Comment by dlenski
5 hours ago
Agreed. I truly don't understand including these researchers on this list.
Some of Sweeney's most well-known work in this area is from the LATE 1990s. She was sounding the alarm about problems with anonymized data in medical datasets: https://en.wikipedia.org/wiki/Latanya_Sweeney#Medical_datase...
Her work almost certainly contributed highly to awareness of these risks.
More recently she has apparently worked on things like protecting voting rights in the US by notifying voters if their registration records change.

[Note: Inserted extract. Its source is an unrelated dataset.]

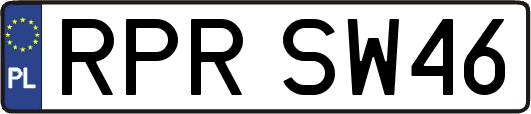 RPRSW46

I haven't followed what she's been working on recently.
But, yeah, at some point in the 90s, Massachusetts decided to release some "anonymized" health records for research purposes (I think just state employees). One was governor William Weld who obviously had a lot of public information widely available. As I recall, Sweeney wrote the governor's office a bit later basically saying "I have your medical records."
I used this as a slide or two in some AI presentations in the mid-2000s or so pre-LLMs when I had some peripheral involvement with some of the privacy-preserving research going on (differential privacy, multiparty computation, fully homomorphic encryption). Haven't really followed most of this for a while.
See also: AOL's search data release
https://en.wikipedia.org/wiki/AOL_search_log_release
As I somewhat recall there also an issue with correlating IMDB with Netflix ratings at one point.